Yigit Kulabas: I believe Service Design and Marketing are tightly related. Both practices have a mega common denominator, which is the customer. In both practices you ask similar questions: “What does my customer want? What are her/his needs? How can I get her/his attention? How can we meet the expectation and satisfy them?” So from that perspective, I do not see this as a large shift. Possible outcomes for running the two practices together include increased customer loyalty, effective touchpoints, well defined customer journeys, service excellence, and growth. In addition to all of these, Service Design is an important vehicle for development of new services. There are lots of hidden services to be discovered within any product. Service design helps you to convert smart ideas into execution.
So far I worked for Microsoft, Ericsson, NCR, Oracle, and finally Turkcell. My latest role was the Chief Marketing Officer for Corporate Business at Turkcell, the leading mobile operator in Turkey. During my entire career I worked in marketing, strategy and business development roles. Service Design was always a part of the execution. We developed marketing programs, innovative new services and lots of customer engagement initiatives. I was introduced to SDN through the Service Design Global Summit. I am proud to be an active leader in this community.
As a marketing expert who is part of the service design field, how do you understand the relation between brand and service design?
Brand and service design are also tightly related. This time the common denominator is innovation. Innovation makes brands fulfill their promises. And service design plays a vital role in bringing innovation to life. The innovation can be incremental, that is to say based on existing systems, business models and paradigms. Innovation can be disruptive – based on emerging systems, business models and paradigms. But whatever the case, at the end it should be human focused. Today, Service Design is the hidden hero behind many of the disruptive innovations. In short, brand, innovation and service design are strongly connected to each other.

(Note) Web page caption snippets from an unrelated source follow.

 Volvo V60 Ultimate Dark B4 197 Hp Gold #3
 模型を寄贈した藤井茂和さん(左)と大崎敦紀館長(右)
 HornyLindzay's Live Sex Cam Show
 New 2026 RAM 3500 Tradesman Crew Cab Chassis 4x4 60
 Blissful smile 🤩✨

Along with a couple of colleges, you are now opening a new SDN chapter What do you think is the potential for the development of a SD community in Turkey?
SDN Turkey is committed to raise awareness of Service Design in Turkey. We aim to foster a community of people from different pillars of the discipline’s reach. SDN Turkey focuses value creation in three important areas: Advocacy, Education, and Connection.We will also do lobbying and evangelism at all levels.We will start with a roof-top meet & greet event for its launch on February 19. The event will be an opportunity to bring together members of the local network (professionals, agencies, and academia) and discuss service design in Turkey.

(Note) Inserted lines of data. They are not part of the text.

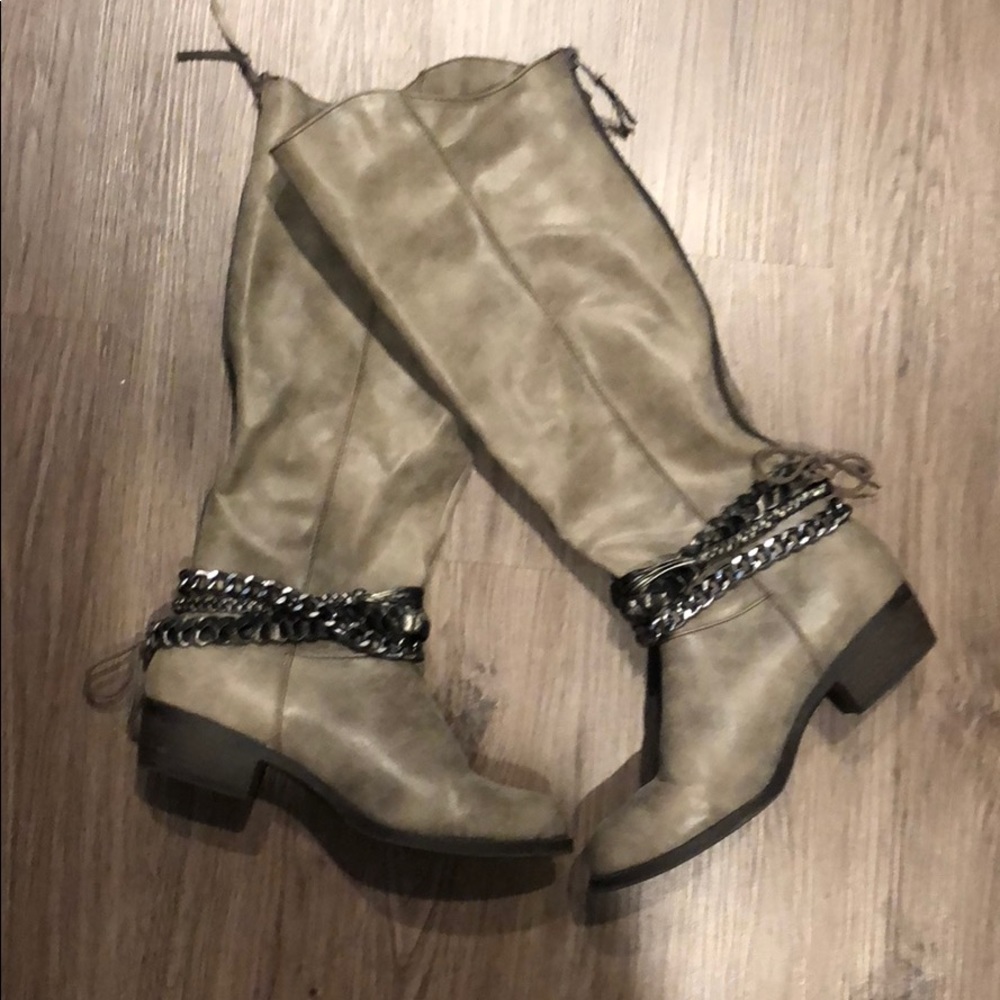 BKE boots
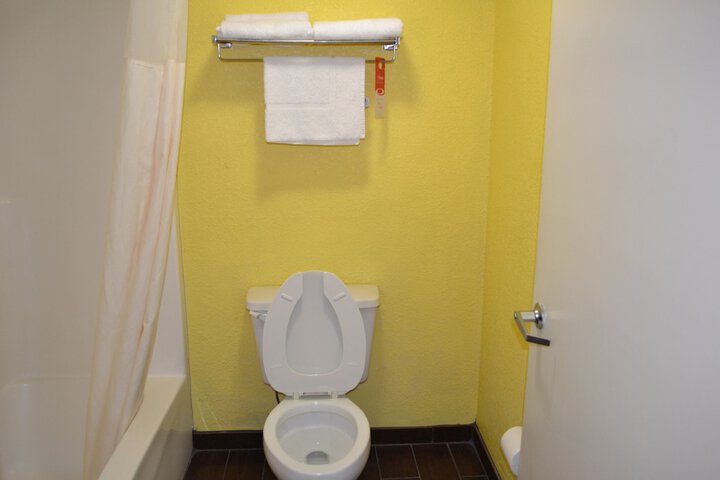 Room 20 of 29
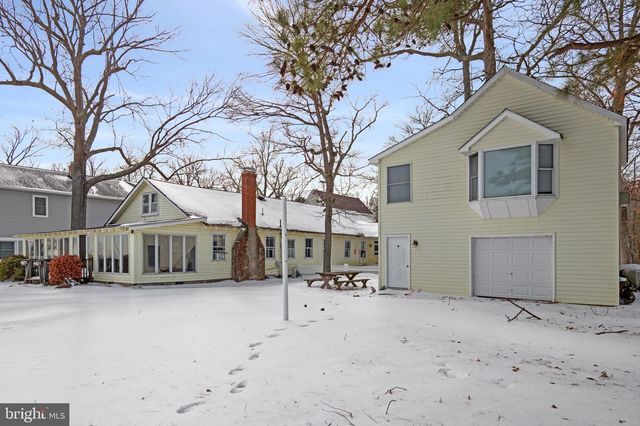 852 BAY FRONT AVE, North Beach, MD 20714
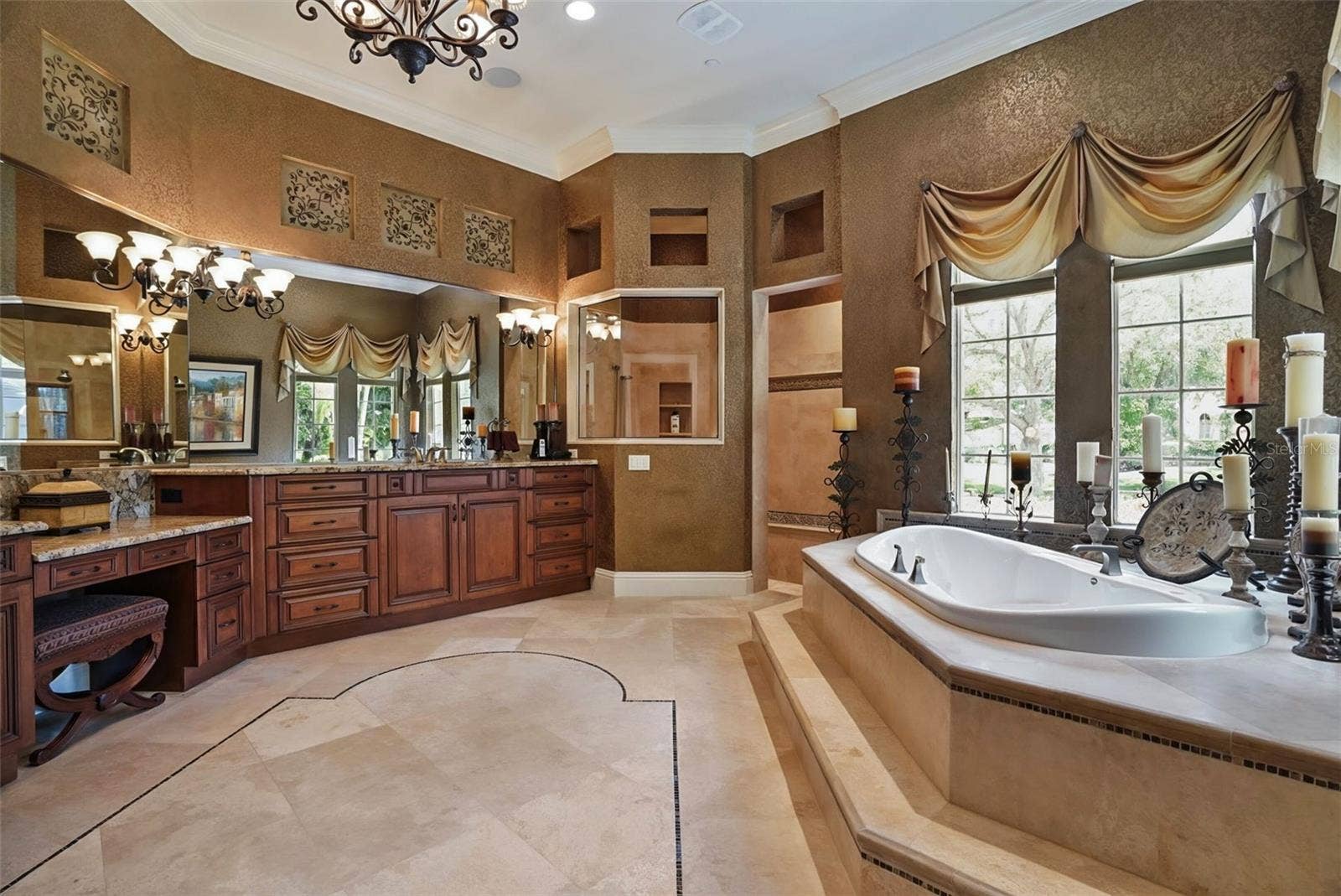3540 LEGACY HILLS COURT, Longwood, FL 32779 primary bedroom: bath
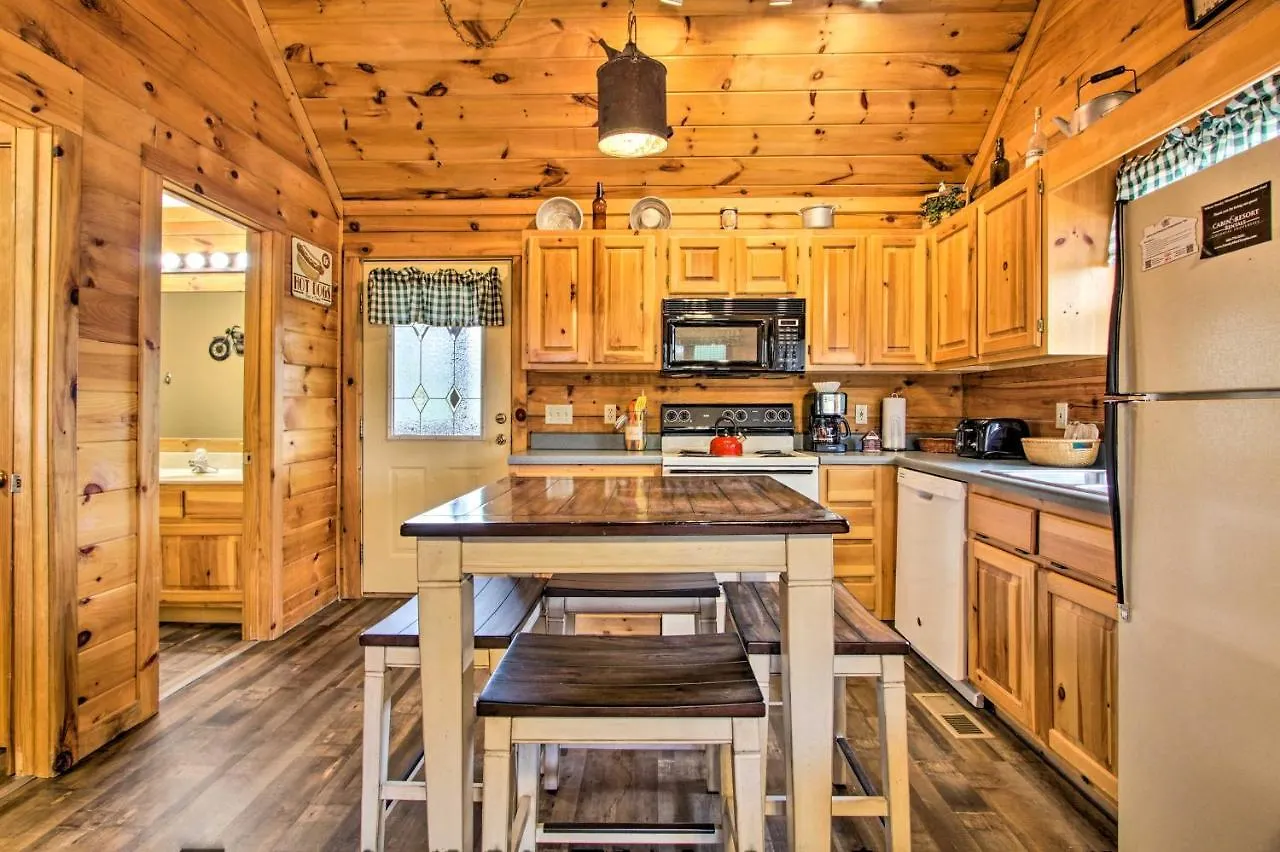 Σπίτι διακοπών With Hot Tub And Mountain Views! *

Now that you are a member of the SDN board, how do you see the Service Design Network and your role as a member within it?
SDN has a very important role in the advocacy, evangelism and development of the Service Design practice. As a network devoted to the practice, we have a huge potential to pass the “tipping point” and grow the market. I believe, it is time to realize the potential through increasing demand from the business world. As a new board member I am excited. We are on the edge of a brand transformation. It is not only a change in the look and feel of our logo or web site, but also our brand promise and the way we communicate.
SDN is happy to have you as a new member of our team. Thank you for your time!